--- Exercise materials ---
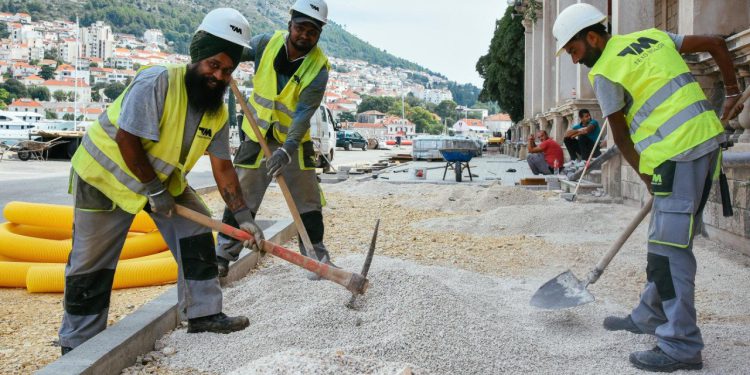 U Hrvatskoj trenutno radi skoro 100 tisuća stranaca, evo koliko ih je na jugu države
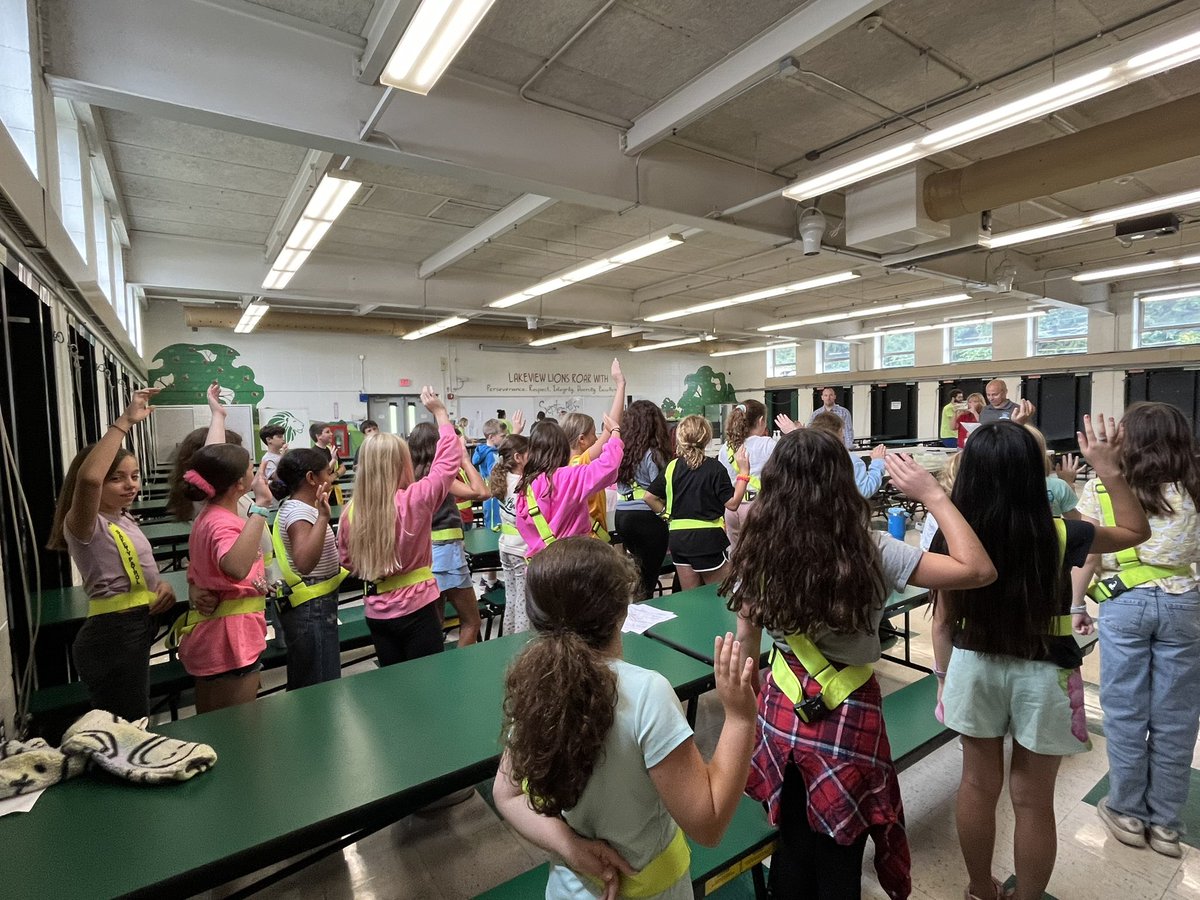 LakeviewCounsel's tweet photo. 1st round of Safety Patrol swear in for the 2024-2025 school year! Leaders helping others make good choices on the bus! #gotLakeviewPRIDE @LVLionsDen https://t.co/Onr3E1rC7b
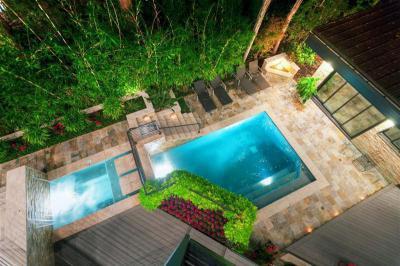 Medencés terasz - erkély / terasz ötlet, modern stílusban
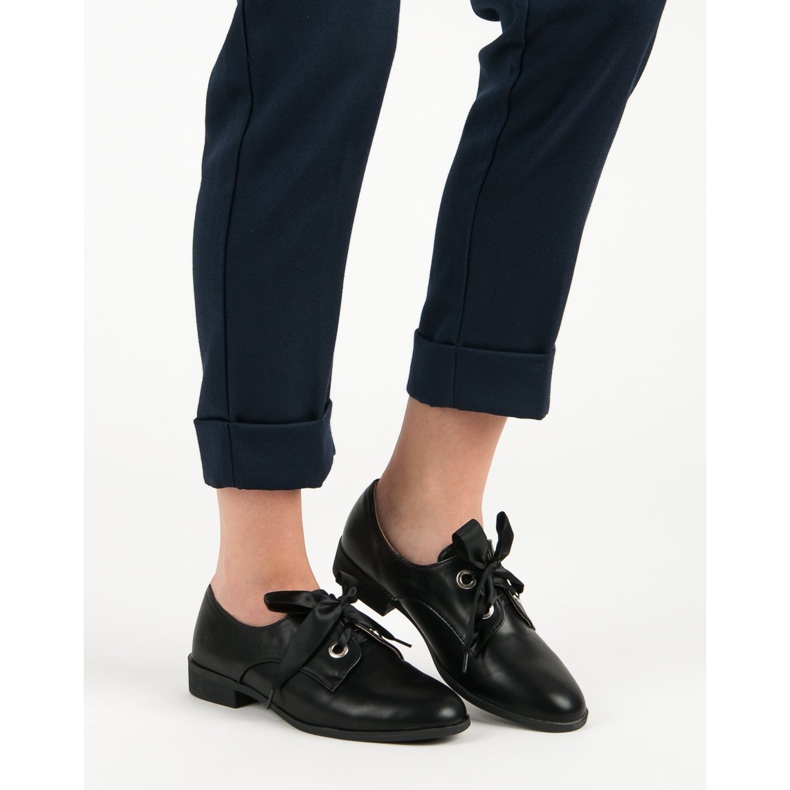 Tina&Co Vezane broge crno 1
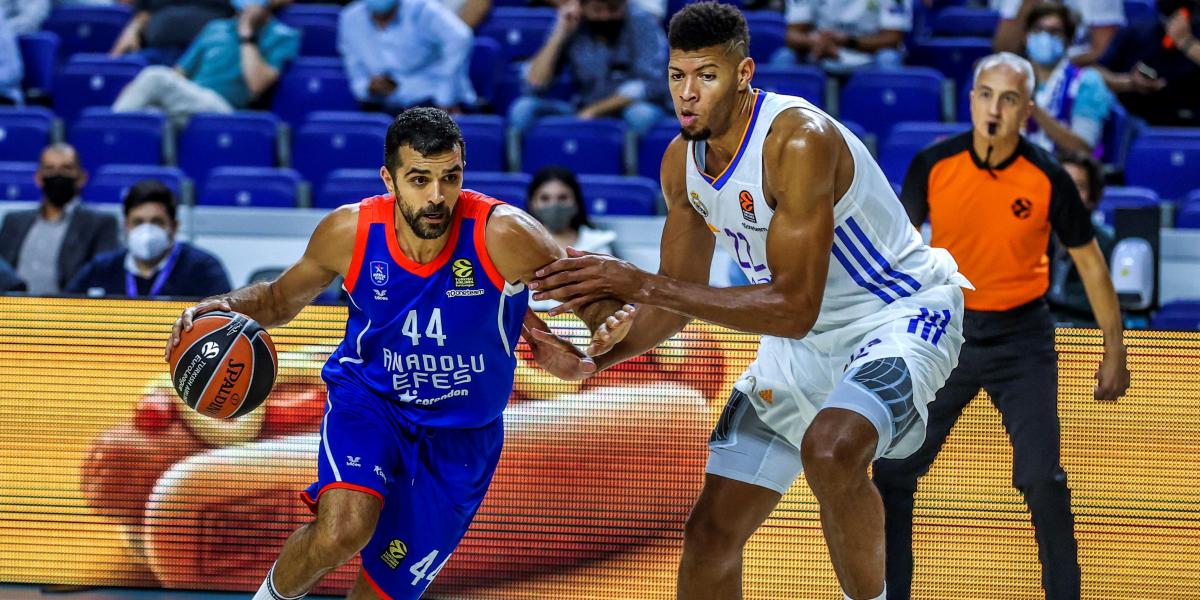 El Anadolu Efes retirará la camiseta de Kruno Simon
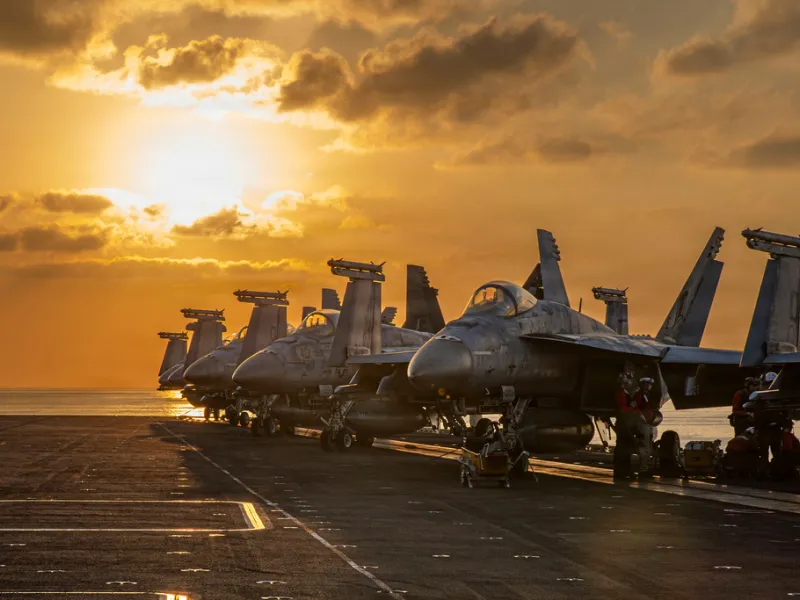  aircraft on the flight deck of the USS Abraham Lincoln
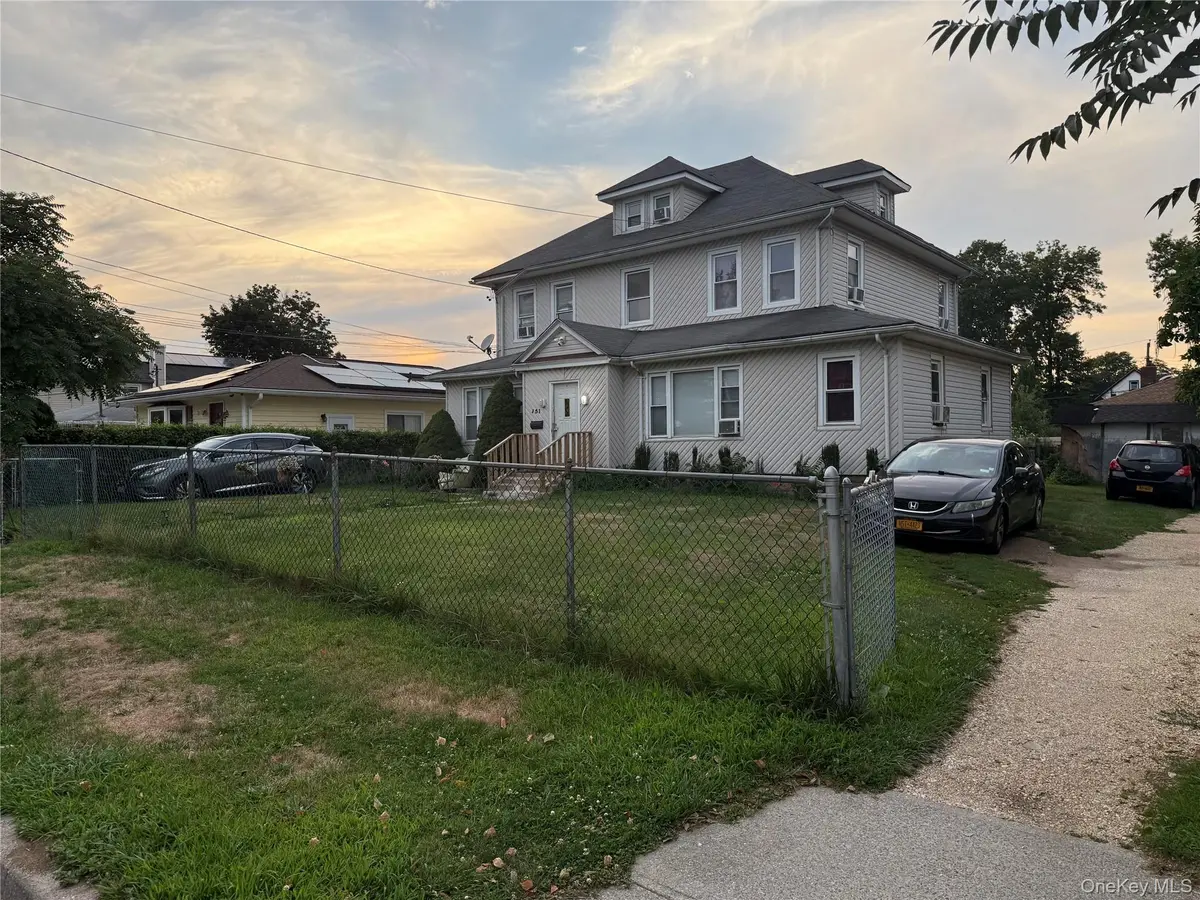 151 Amherst ST, Hempstead, NY 11550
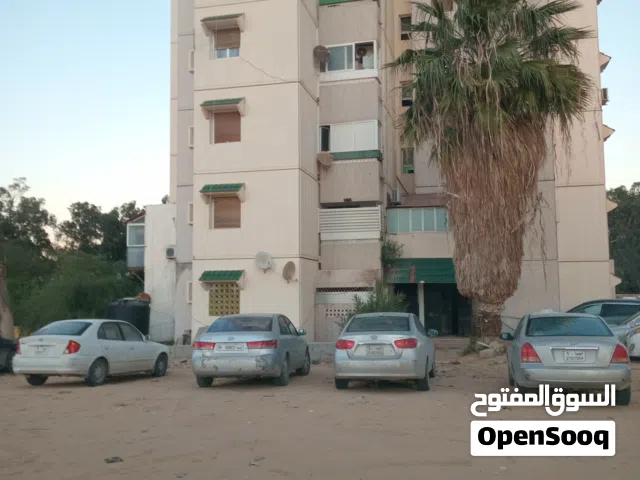 شقه سكنيه خلف مستشفى طرابلس الطبي بما حجرتين ومربوعه ومطبخ وحمام وبلكونه دور رابع دولاب مطبخ راكب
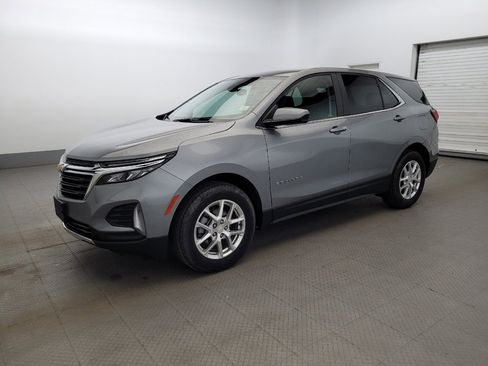 Used 2024 Chevrolet Equinox LT w/ LPO, Floor Liner Package FWD image 2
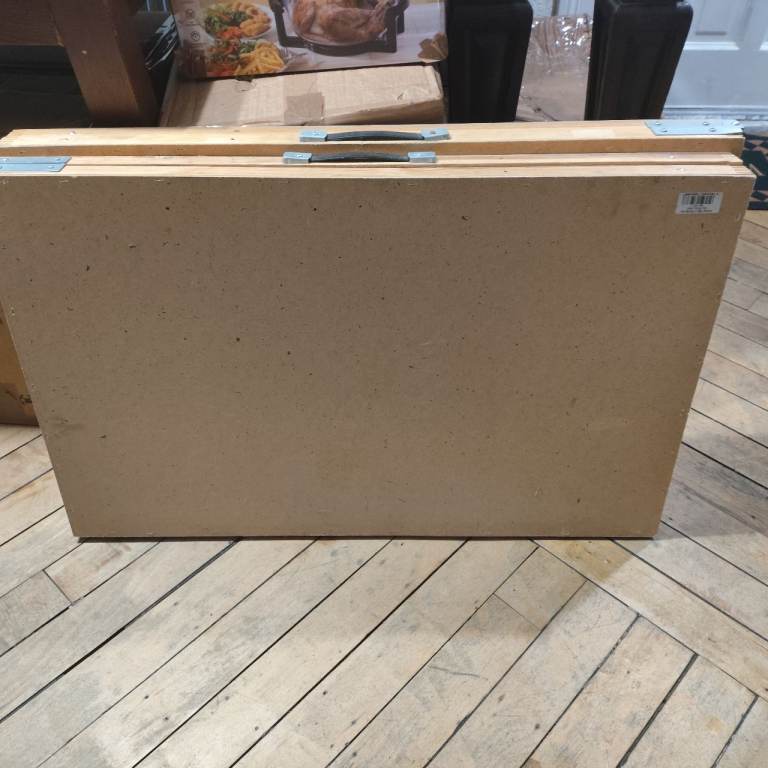 Decorating Wooden paste tables 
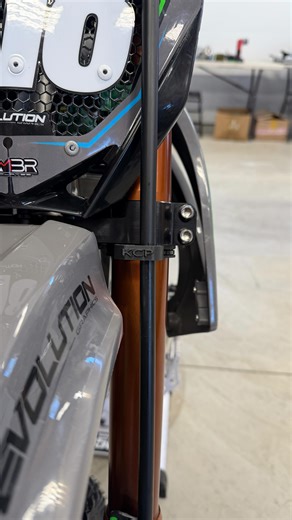 KX85/KX100/KX112 Fork swap guys - new front brake cable holder we did. Once you add the rubber line to the backside it doesn’t slide or move around. We also uploaded this to our Thingverse account so you can print it yourself for free! 🤙🏻🤙🏻🤙🏻 #klx140 #3dprint #dirtbikes #pitbike #minimoto | Keystone Cycle Parts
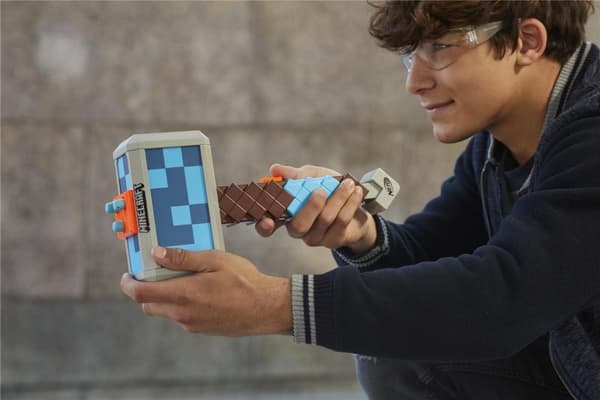 Nerf Minecraft Stormlander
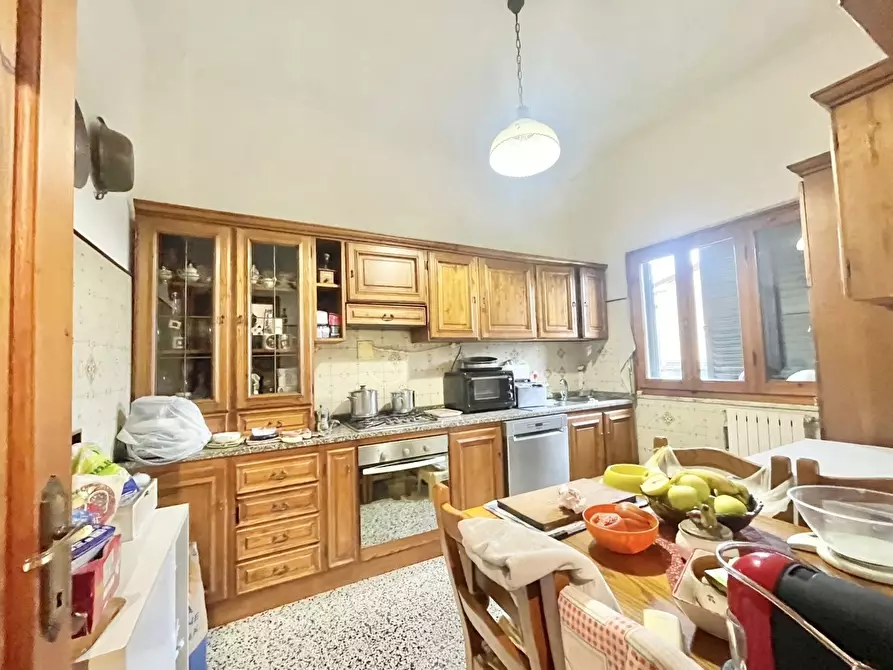 Immagine 6 di Quadrilocale in vendita  a Pietrasanta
---
What the task requires
Could you transcribe exactly the lines from the one with "Nerf Minecraft Stormlander" through the end of the data, both ends included, and nothing else, skipping the pictures?

Answer
 Nerf Minecraft Stormlander
 Immagine 6 di Quadrilocale in vendita  a Pietrasanta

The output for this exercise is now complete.